DATA SCIENCE MONTHLY MEETUP
Replay the meetupYoann Péron, Data Science Manager at Le Télégramme, presented a project on “augmented journalism”, a collaboration between the French local newspaper and IRISA research center, aimed at helping journalists improve their articles by providing information on their potential success and suggesting ways to enhance them and understand the different capacities of their articles and how to improve them for various platforms.

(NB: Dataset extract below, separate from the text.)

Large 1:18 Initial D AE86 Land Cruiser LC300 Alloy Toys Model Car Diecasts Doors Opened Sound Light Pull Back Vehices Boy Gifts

Improving Journalist Articles With Data
Yoann discussed the two-year project aimed at helping journalists improve their articles by providing information on their potential success and suggesting ways to enhance them. The project involved analyzing data on article views, engagement, and conversions. Four capacities were defined for articles, including audience and engagement metrics. The project also involved text analysis and numerical data to provide more insights into article content. However, challenges were encountered in defining what constitutes an angle for an article, and difficulties were faced with ChatGPT during the project’s development.
Model Development and Performance Discussion
Yoann discussed the development of a model to predict the number of page views for articles based on various factors such as the number of words, uniqueness, length, and quotes. He mentioned that they tried to use journalist classifications, but it didn’t improve the model. They also experimented with using ChatGPT to predict new data sets and found their own model to be more effective.
Le Télégramme’s Data Analysis and App
Yoann discussed the infrastructure and processes used for data analysis and model training at Le Telegram. He explained that they primarily use Python and AWS SageMaker for their developments, with data stored in an AWS data lake and Amazon Athena. The models are trained on Amazon DynamoDB and sent to Amazon Elastic File System (EFS) for inference. He also mentioned the use of R for data journalism already used by the newsroom for an app covering elections. Yoann then presented the current usage of their app, which includes comparing articles for similarities, making predictions of capacities, and providing suggestions for articles. He demonstrated the app using an article about a musical program, showing how it compares to similar articles and provides suggestions.